Sergio Marchionne, chairman and CEO of FCA and head of Ferrari, has died following complications post surgery in Switzerland. He was 66.
The highly regarded company chief was due to step down from the role next year, but he was suddenly replaced four days ago by Jeep and Ram boss Mike Manley following news of Marchionne’s failing health.
"Clearly this is a very sad and difficult time. Our thoughts and prayers go out to his family, friends and colleagues," Manley said. "There is no doubt that Sergio was a very special, unique man, and no doubt he will be sorely missed."
Praised for dragging both the Fiat and Chrysler group of brands from the brink of disaster to FCA’s current position as the world’s seventh-largest automaker, Marchionne’s Canadian/Italian background helped him bridge the cultural gap between Europe and North America.
His 14 years in the auto industry are littered with momentous achievements, not least of which was forcing GM into paying US$2b for breaching a contract that would have seen the US giant take over Fiat’s North American operations - money that was quickly sunk into product development - as well as striking a deal with then-President Barack Obama to allow Fiat to take control of Chrysler in the USA.
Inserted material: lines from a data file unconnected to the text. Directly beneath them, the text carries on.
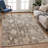 Machine Washable Indoor/Outdoor Chantille ACN2355 Traditional Rug-432467834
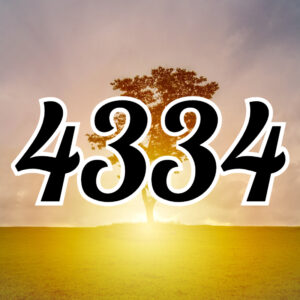 エンジェルナンバー【4334】のツインレイ、金運などの意味解説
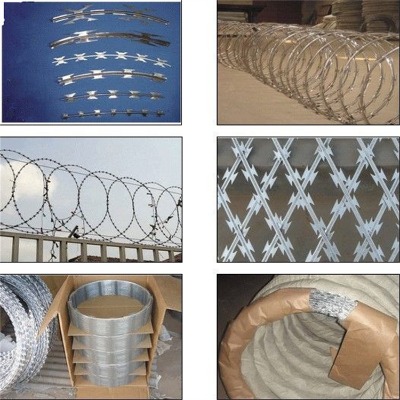 ���������W(w��ng)����O(ji��n)�z�o(h��)��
From there, he rapidly grew the Jeep and Ram brands to new positions of strength in the USA, before relaunching the Alfa Romeo brand globally.
His impact on the company cannot be overstated. In 2003, when Marchionne took over Fiat, the company had lost more than six billion Euros. By 2005, Fiat had turned a profit (helped in no small part by GM's sizeable payment). And when Fiat took over Chrysler, the US company was staring down bankruptcy. This year, the FCA group finally eliminated its mountain of debt, and entered a net-cash position for the first time. The market value of Fiat (including Ferrari, which was spun-off completely in 2016) rose more than 10-fold under his leadership.
“Unfortunately, what we feared has come to pass. Sergio Marchionne, man and friend, is gone," said John Elkann, chairman of FCA and CEO of Exor - FCA's biggest shareholder.
"I believe that the best way to honor his memory is to build on the legacy he left us, continuing to develop the human values of responsibility and openness of which he was the most ardent champion."